**Supplied records**

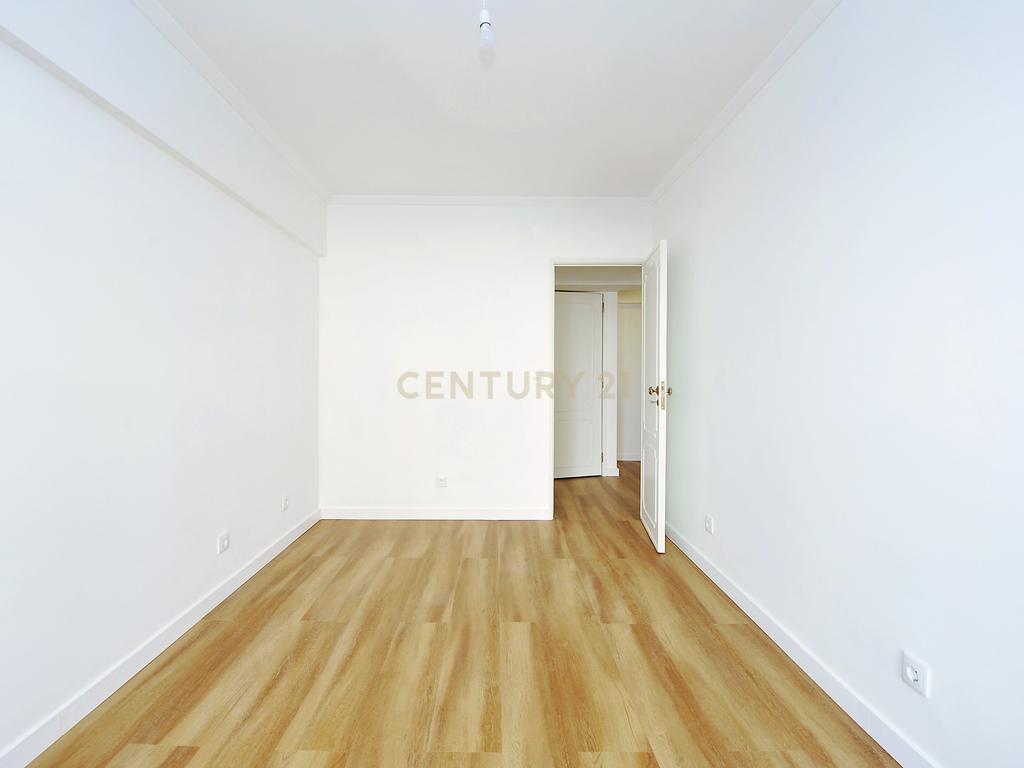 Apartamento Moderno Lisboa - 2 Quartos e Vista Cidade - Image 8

---

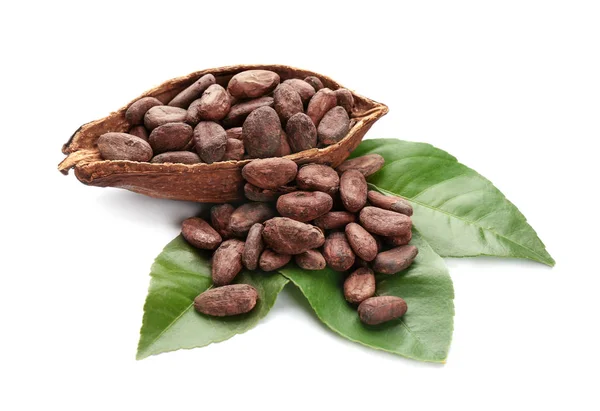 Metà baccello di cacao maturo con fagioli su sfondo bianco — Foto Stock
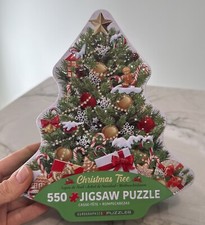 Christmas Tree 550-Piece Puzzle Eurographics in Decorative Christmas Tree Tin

**Work instruction**
Look back over the records above. Reproduce exactly everything from the line with "Metà baccello di" down to the line with "Christmas Tree 550-Piece", inclusive, and leave the pictures out.

**Answer for this exercise**
 Metà baccello di cacao maturo con fagioli su sfondo bianco — Foto Stock
 Christmas Tree 550-Piece Puzzle Eurographics in Decorative Christmas Tree Tin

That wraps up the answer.